About this task
Look in the data below for the line that contains "Salon - M/Y Lucy - Djibouti Live Aboard". Copy that line and the remaining lines exactly.

(Data records)
BEGIN
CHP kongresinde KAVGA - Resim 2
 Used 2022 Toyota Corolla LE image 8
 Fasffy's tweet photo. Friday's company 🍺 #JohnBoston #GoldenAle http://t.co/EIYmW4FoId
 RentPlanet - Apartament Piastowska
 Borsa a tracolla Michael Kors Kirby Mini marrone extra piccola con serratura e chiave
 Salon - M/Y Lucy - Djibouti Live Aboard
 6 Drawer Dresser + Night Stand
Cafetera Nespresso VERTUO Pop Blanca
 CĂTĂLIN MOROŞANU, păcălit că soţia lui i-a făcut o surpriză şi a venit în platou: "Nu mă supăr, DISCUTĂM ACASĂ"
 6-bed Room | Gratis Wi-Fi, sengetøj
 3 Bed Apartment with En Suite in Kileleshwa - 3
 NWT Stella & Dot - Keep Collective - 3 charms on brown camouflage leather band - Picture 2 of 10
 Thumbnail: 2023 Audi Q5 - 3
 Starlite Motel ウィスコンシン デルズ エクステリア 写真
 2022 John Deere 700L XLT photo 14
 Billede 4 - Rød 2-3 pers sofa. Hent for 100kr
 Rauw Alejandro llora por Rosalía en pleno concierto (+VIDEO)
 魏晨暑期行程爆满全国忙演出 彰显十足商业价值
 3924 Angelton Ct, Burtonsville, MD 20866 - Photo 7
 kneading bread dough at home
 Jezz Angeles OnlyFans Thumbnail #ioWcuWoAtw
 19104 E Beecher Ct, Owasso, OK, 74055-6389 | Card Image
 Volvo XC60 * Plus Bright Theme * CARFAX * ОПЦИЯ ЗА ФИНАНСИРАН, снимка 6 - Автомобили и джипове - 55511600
END
Response area
 Salon - M/Y Lucy - Djibouti Live Aboard
 6 Drawer Dresser + Night Stand
Cafetera Nespresso VERTUO Pop Blanca
 CĂTĂLIN MOROŞANU, păcălit că soţia lui i-a făcut o surpriză şi a venit în platou: "Nu mă supăr, DISCUTĂM ACASĂ"
 6-bed Room | Gratis Wi-Fi, sengetøj
 3 Bed Apartment with En Suite in Kileleshwa - 3
 NWT Stella & Dot - Keep Collective - 3 charms on brown camouflage leather band - Picture 2 of 10
 Thumbnail: 2023 Audi Q5 - 3
 Starlite Motel ウィスコンシン デルズ エクステリア 写真
 2022 John Deere 700L XLT photo 14
 Billede 4 - Rød 2-3 pers sofa. Hent for 100kr
 Rauw Alejandro llora por Rosalía en pleno concierto (+VIDEO)
 魏晨暑期行程爆满全国忙演出 彰显十足商业价值
 3924 Angelton Ct, Burtonsville, MD 20866 - Photo 7
 kneading bread dough at home
 Jezz Angeles OnlyFans Thumbnail #ioWcuWoAtw
 19104 E Beecher Ct, Owasso, OK, 74055-6389 | Card Image
 Volvo XC60 * Plus Bright Theme * CARFAX * ОПЦИЯ ЗА ФИНАНСИРАН, снимка 6 - Автомобили и джипове - 55511600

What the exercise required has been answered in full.